HEAVYWEIGHT: Hamdy Abdelwahab (4-1 (1)) vs Chris Barnett (23-9)
This is it, my friends. This is why we live. This is why we struggle through all of the bullshit this sport puts us through. After so many mismatches, after so much abuse, for one shining, perfect moment, the ballroom is ours and we are dancing through the night on clouds filigreed with love. Hamdy Abdelwahab is a beautifully palindromic 1-1 (1) in the UFC and he missed almost three years for repeated drug test failures and in all of that time all he has to his name is a No Contest against Don’Tale Mayes, who is no longer here, a dodgy split decision over Jamal Pogues, who is no longer here, and a loss against Mohammed Usman, who we will never be rid of. Chris Barnett is a 5’9” Heavyweight, which is, itself, an improvement from the old days when he was a 5’9” Superheavyweight, and he throws wheel kicks and swings giant overhands and does terrifying backflips and he’s only fought once in the past three years because across said three years his wife died, he got injured twice and a hurricane fucked up his house. Has he missed the Heavyweight limit? Yes. Has he lost more in the UFC than he’s won? Also yes.

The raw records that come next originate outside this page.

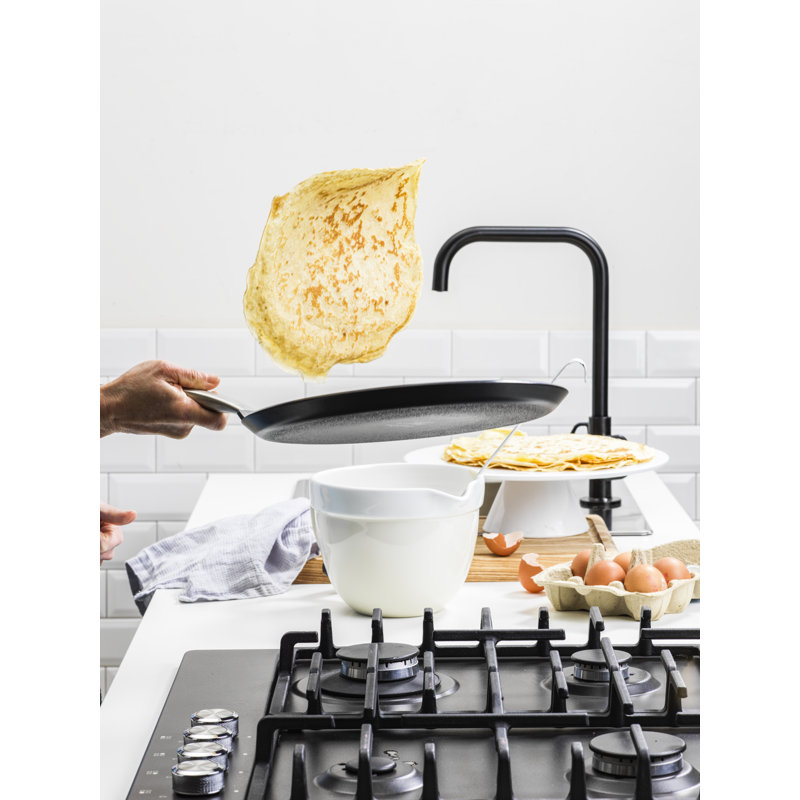 Greenpan Copenhagen Pancake Pan 28cm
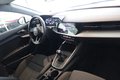 Daumennagel 16 - Audi A3 Sportback 35 TFSI Carplay-Navi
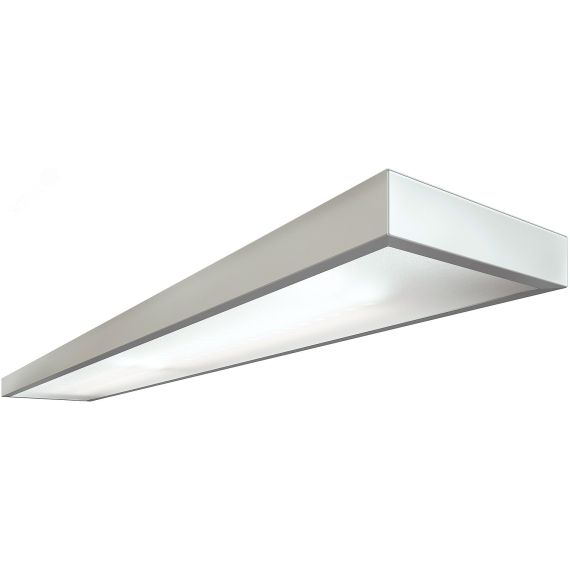 Светильник светодиодный ДВО-45,7W IP54 4371Лм 5000К КСС D (ОФИСНЫЙ СВЕТИЛЬНИК TL-Office 46 L1200 OPL 950 IP54) Технологии света УТ000013917
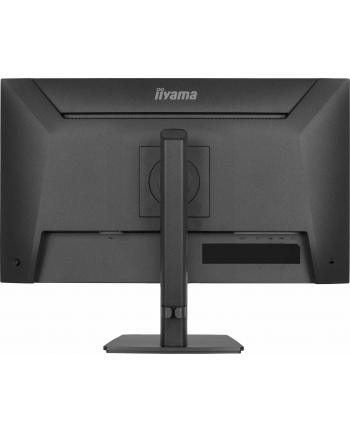 iiyama Monitor 27 '' XB2793HSU-B1 IPS, HDMI, DP, 2x2W, 2xUSB, 350cd, 1500:1, HAS 150/PIVOT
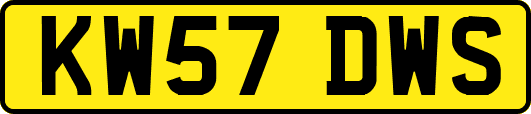 KW57DWS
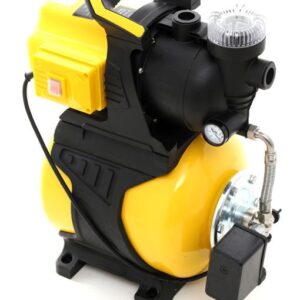 Pompa ogrodowa ze zbiornikiem 1300W KD743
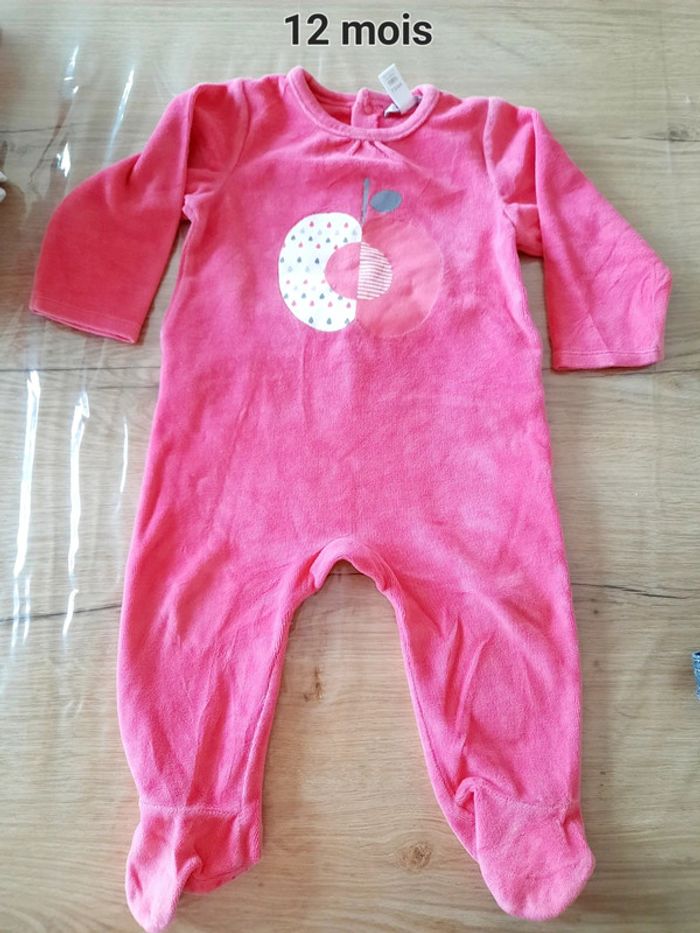 Pyjama obaibi
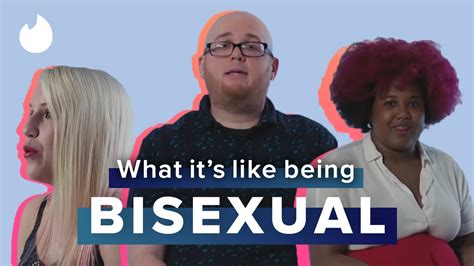 bisexual ce inseamna|Bisexual definitie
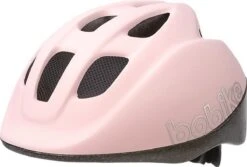 Bobike GO Helm - Maat S - Cotton Candy Pink 8 Bobike GO Helm - Maat S - Cotton Candy Pink -Fietsuitrustings Winkel 1200x812 6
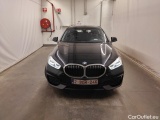  Bmw  Serie 1 BMW 1 Reeks Hatch 116dA (85 kW) 5d #5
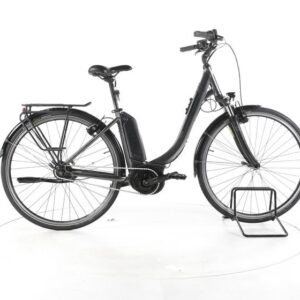 Triumph E-Cloud Plus 5 City E-Bike Tiefeinsteiger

Do you have it in yourself to root against him? Because if you do, I do not want you to come to my parties. CHRIS BARNETT BY TKO.
FLYWEIGHT: Azat Maksum (15-2) vs Mitch Raposo (9-3)
Every fight card is legally obligated to have at least one the-loser-might-get-fired match, and unfortunately, Flyweight is on the chopping block this week. At one point, there was some real hope for both of these men. Azat Maksum was an undefeated prospect out of the surprisingly tough regional scene in Kazakhstan, Mitch Raposo was a multiple-time regional champion, and both, like damn near every good Flyweight, were well-conditioned, well-rounded and ready for primetime. But both men are now riding two straight decision losses--in Raposo’s case they were somehow both split decisions despite being fights that could easily have been 30-27 shut-outs against him because official judges are malevolent djinn--and if there are two things the UFC does not want, it’s losing streaks and too many decisions.
I’m banking on the wrestling, as I almost always do. AZAT MAKSUM BY DECISION.
WOMEN’S STRAWWEIGHT: Jacqueline Amorim (10-1) vs Mizuki Inoue (15-6)
Mizuki Inoue exists only in brief moments of time. She came to the UFC in 2019, she didn’t fight again for a full year, she didn’t return for another three, and now it’s been two more atop that. Six years, three fights. Back in Invicta she was going the distance with Alexa Grasso and Virna Jandiroba, and in the UFC, she’s barely had time to fight Hannah Goldy. Jacqueline Amorim matched Inoue’s entire UFC tenure in elven months. She’s bigger, she’s younger, she’s a more accomplished grappler and she’s the next candidate for promotion up to the rankings. Is she a heavy favorite? Yes. Does she train with a bigger, more proven camp? Yes. Is she going to win this fight? Almost definitely.
MIZUKI INOUE BY DECISION because I will stand in the course of the flowing river and demand it turn away.